Três são residências, e os vizinhos nunca ouviram falar das firmas. Além disso, algumas já estiveram registradas no mesmo endereço de outras.
A Rogep Auto Peças, por exemplo, que recebeu R$ 1,7 milhão por peças que não foram entregues, já esteve registrada no mesmo endereço da Rali Comércio e Serviços, contratada com frequência para reparos no Comando-Geral.
Já a Construworld Materiais para Construção, que ganhou ao menos R$ 222 mil para pequenas obras e fornecimento de pisos de granito, está registrada numa casa na periferia da zona norte.
Antes, esteve registrada no mesmo endereço da Comercial das Províncias, na zona leste, firma contratada para a instalação de rede de dados.
Outra empresa sem sede é A Luta Comércio e Serviços de Equipamentos Eletrônicos –que, apesar do nome, também era contratada para pintar esquadrias de ferro e consertar a rede de esgoto.
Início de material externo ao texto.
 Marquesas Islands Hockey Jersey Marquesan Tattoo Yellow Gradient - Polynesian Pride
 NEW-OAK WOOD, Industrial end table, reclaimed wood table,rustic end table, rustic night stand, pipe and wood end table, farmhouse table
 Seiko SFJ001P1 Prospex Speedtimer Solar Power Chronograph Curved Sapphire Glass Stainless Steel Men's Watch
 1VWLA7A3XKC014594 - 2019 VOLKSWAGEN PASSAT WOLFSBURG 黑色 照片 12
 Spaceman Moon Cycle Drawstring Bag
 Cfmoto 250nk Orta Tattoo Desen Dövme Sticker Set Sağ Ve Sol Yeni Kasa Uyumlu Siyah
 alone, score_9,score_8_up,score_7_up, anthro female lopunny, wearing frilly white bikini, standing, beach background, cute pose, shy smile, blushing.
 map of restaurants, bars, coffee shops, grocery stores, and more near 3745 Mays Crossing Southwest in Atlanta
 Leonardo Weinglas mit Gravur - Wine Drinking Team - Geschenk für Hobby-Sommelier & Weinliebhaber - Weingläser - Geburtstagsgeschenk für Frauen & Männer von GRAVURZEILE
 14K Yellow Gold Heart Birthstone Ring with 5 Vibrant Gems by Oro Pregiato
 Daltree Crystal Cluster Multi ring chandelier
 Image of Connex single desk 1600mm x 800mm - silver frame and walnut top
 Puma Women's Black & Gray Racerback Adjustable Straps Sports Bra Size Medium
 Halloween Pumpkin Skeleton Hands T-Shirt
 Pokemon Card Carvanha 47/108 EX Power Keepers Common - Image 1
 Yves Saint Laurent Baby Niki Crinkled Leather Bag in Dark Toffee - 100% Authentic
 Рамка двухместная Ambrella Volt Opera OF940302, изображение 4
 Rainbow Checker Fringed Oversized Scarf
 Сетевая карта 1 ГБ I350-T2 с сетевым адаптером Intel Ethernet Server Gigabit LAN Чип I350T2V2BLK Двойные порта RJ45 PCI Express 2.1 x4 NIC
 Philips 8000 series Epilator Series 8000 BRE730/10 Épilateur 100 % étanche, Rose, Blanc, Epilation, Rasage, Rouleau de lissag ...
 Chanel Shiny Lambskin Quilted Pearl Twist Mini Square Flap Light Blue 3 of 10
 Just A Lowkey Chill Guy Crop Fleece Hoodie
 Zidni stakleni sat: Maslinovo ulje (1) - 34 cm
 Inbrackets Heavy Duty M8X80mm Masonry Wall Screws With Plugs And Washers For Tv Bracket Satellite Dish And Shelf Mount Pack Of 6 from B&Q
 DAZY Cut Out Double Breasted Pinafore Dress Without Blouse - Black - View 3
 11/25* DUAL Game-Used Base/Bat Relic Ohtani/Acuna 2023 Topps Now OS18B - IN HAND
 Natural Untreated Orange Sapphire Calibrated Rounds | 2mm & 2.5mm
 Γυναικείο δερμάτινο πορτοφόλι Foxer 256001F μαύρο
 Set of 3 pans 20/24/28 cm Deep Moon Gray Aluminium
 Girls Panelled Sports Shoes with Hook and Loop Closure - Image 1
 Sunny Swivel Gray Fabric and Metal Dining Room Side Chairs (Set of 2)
Fica numa casa em Osasco (Grande SP), onde a moradora afirmou desconhecê-la.
Conforme a documentação reunida pela sindicância da PM e obtida pela reportagem, as empresas recebiam os pagamentos antes mesmo de prestarem os serviços.
OUTRO LADO
O administrador da Rali Comércio e Serviços, Arquimedes Honda, disse que a empresa está ativa e presta serviços regularmente à polícia.
Ele afirmou que a sede da Rali teve endereço igual ao da Rogep Auto Peças –outra fornecedora da PM em contratos irregulares– porque, em 2013, adquiriu a firma do irmão do dono da Rogep.
Honda não soube dizer quanto pagou pela Rali nem se foram prestados serviços ao Comando-Geral da PM em 2009 e 2010, pois não estava na empresa na época.
O proprietário da Rogep, Rogério Torres, e o irmão dele, Sérgio Torres, ex-dono da Rali, não foram localizados.
Representantes da Construworld e A Luta Comércio e Serviços de Equipamentos Eletrônicos também não foram encontrados pela Folha nos endereços onde funcionariam suas sedes –nem em telefones atribuídos às empresas, em horário comercial.
A respeito das fraudes, a Secretaria da Segurança Pública afirmou, em nota, que a sindicância da PM concluiu pela "necessidade de responsabilização" do tenente-coronel José Afonso Adriano Filho por "improbidade administrativa e infrações penais".
"[A Secretaria da Segurança] determinou a instauração de Conselho de Justificação, com a finalidade de analisar a viabilidade de cassação do posto e da patente do tenente-coronel", diz a nota.
Adriano Filho negou ter feito tudo sozinho ou para proveito próprio.
"Não fiz nada sem ordem. Todas as melhorias executadas, não só no Quartel do Comando-Geral como em outras unidades, tinham ciência e autorização dos superiores. De todos os superiores", disse, sem citar nomes.
O ex-comandante-geral Álvaro Camilo disse desconhecer o esquema. "Não sabia que ele [Adriano Filho] estava envolvido nisso. É um absurdo. Ninguém da polícia dá uma ordem para alguém cometer alguma coisa errada."
O coronel Roberto Diniz, também ex-comandante-geral, não foi localizado.